__INFORMATION__
<<<<

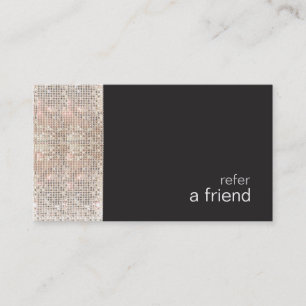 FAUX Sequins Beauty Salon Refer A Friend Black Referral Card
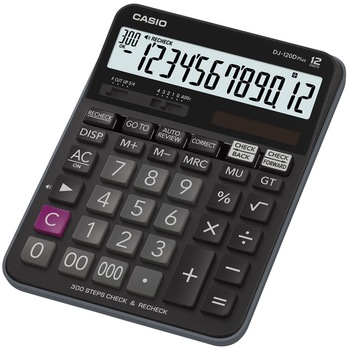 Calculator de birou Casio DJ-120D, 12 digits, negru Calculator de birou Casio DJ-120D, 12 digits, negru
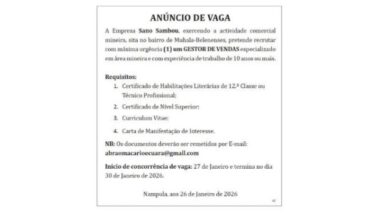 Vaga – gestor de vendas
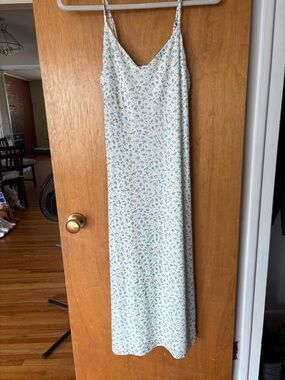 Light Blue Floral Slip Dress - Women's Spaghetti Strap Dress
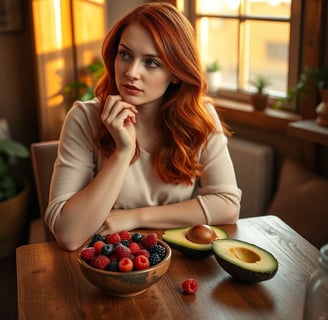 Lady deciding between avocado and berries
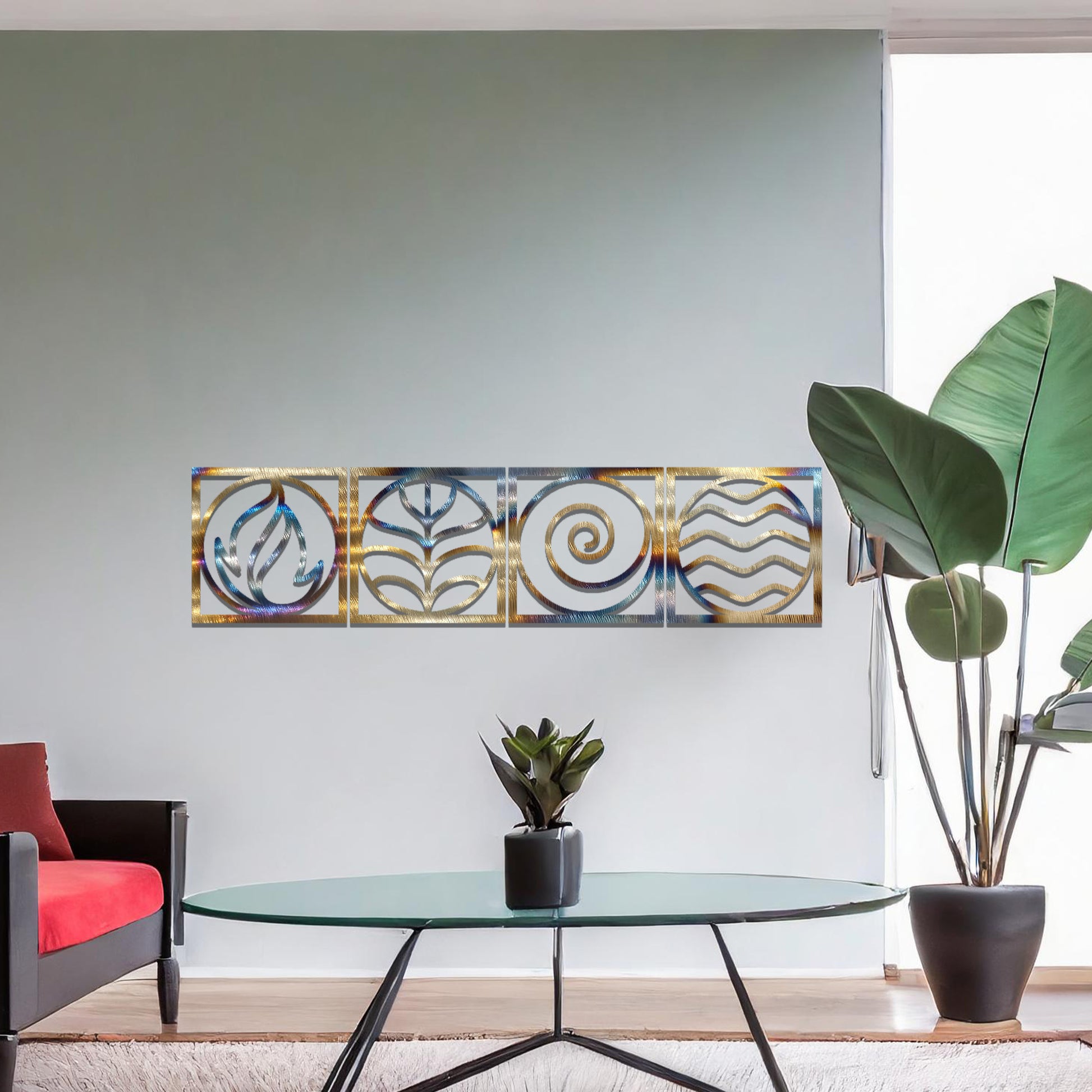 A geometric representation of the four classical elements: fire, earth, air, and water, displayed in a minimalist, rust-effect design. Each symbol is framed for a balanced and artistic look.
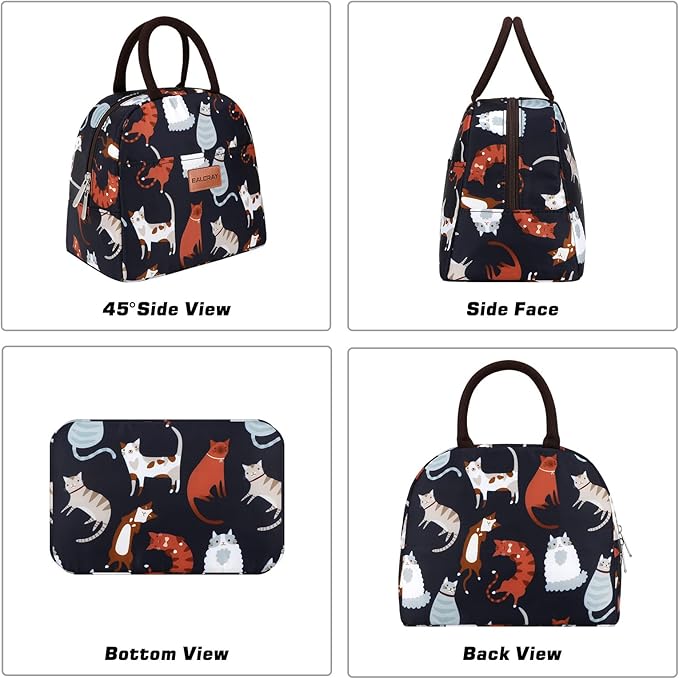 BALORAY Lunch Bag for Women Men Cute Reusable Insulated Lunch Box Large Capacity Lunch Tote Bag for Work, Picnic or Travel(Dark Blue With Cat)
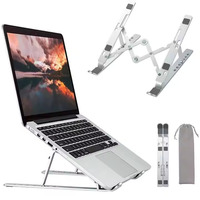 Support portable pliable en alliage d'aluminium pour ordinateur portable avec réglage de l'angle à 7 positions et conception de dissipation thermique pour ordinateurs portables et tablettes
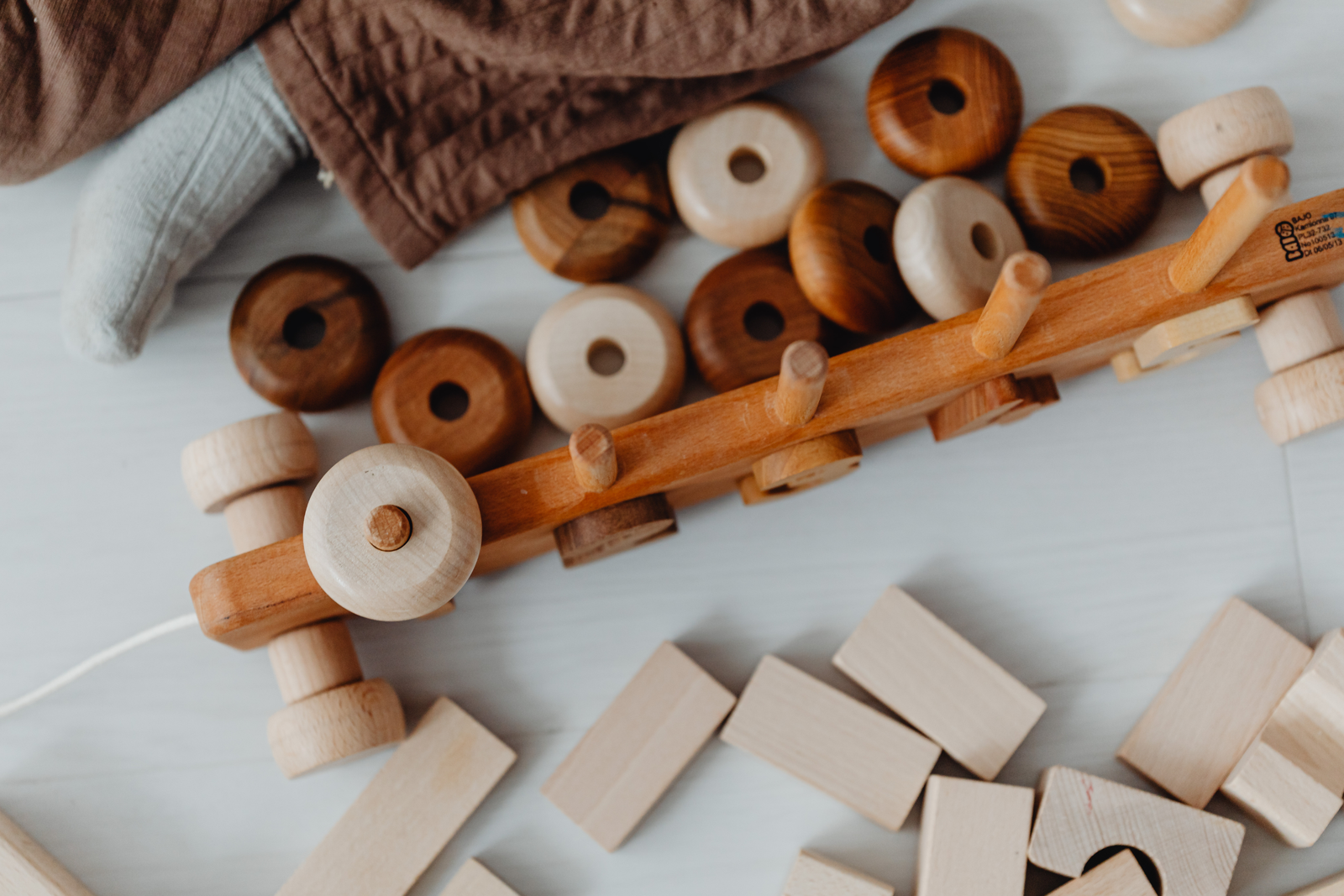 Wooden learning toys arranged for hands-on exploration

>>>>
<<<<

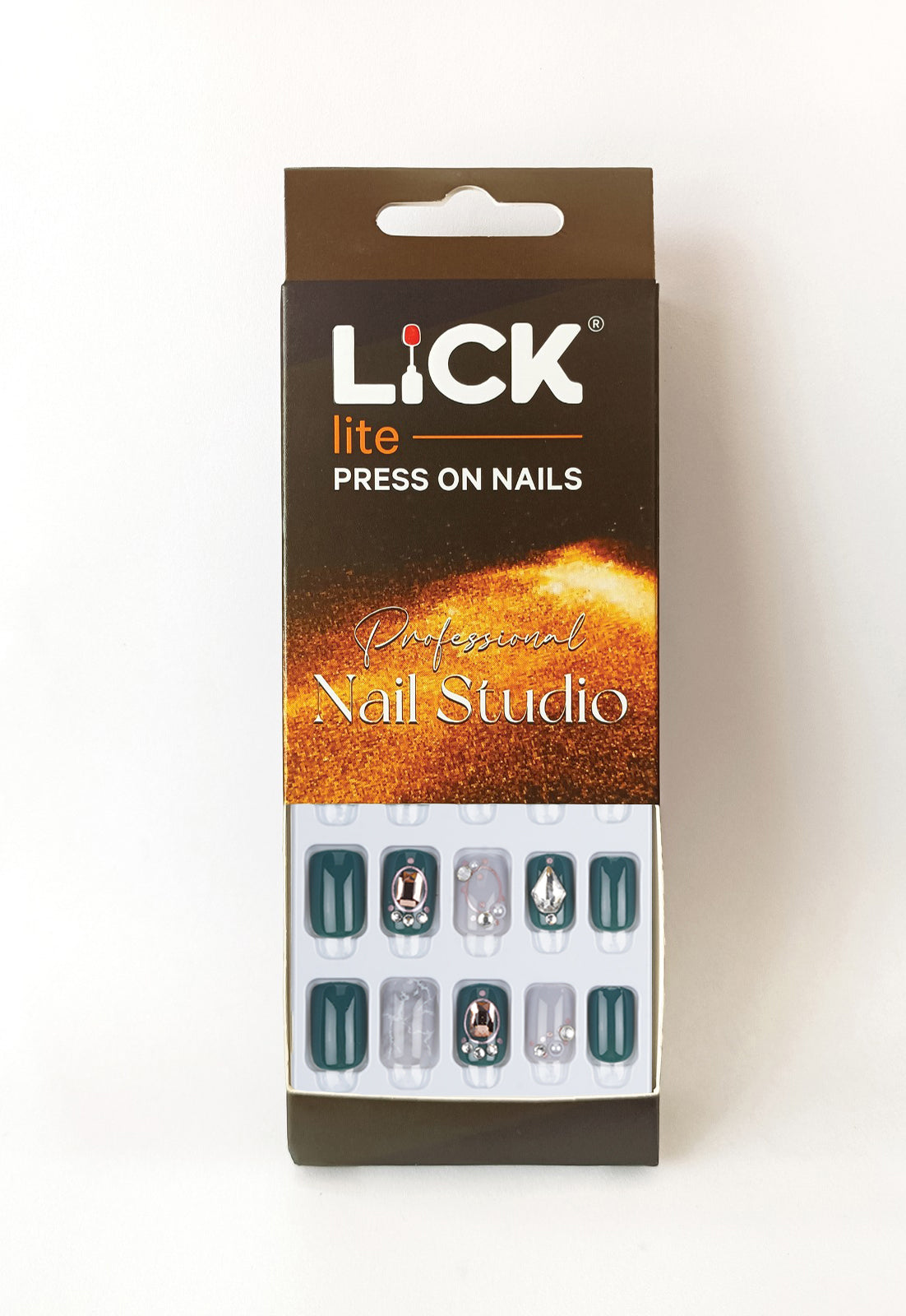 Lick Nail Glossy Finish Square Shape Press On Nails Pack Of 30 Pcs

>>>>
<<<<

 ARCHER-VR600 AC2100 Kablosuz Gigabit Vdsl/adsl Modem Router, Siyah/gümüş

>>>>

__INSTRUCTIONS FOR THE TASK__
In the listing above, find the line with "FAUX Sequins Beauty" and the line with "Wooden learning toys". Set down both and every line between them, minus the pictures.

__RESULT OF THIS TASK__
 FAUX Sequins Beauty Salon Refer A Friend Black Referral Card
 Calculator de birou Casio DJ-120D, 12 digits, negru Calculator de birou Casio DJ-120D, 12 digits, negru
 Vaga – gestor de vendas
 Light Blue Floral Slip Dress - Women's Spaghetti Strap Dress
 Lady deciding between avocado and berries
 A geometric representation of the four classical elements: fire, earth, air, and water, displayed in a minimalist, rust-effect design. Each symbol is framed for a balanced and artistic look.
 BALORAY Lunch Bag for Women Men Cute Reusable Insulated Lunch Box Large Capacity Lunch Tote Bag for Work, Picnic or Travel(Dark Blue With Cat)
 Support portable pliable en alliage d'aluminium pour ordinateur portable avec réglage de l'angle à 7 positions et conception de dissipation thermique pour ordinateurs portables et tablettes
 Wooden learning toys arranged for hands-on exploration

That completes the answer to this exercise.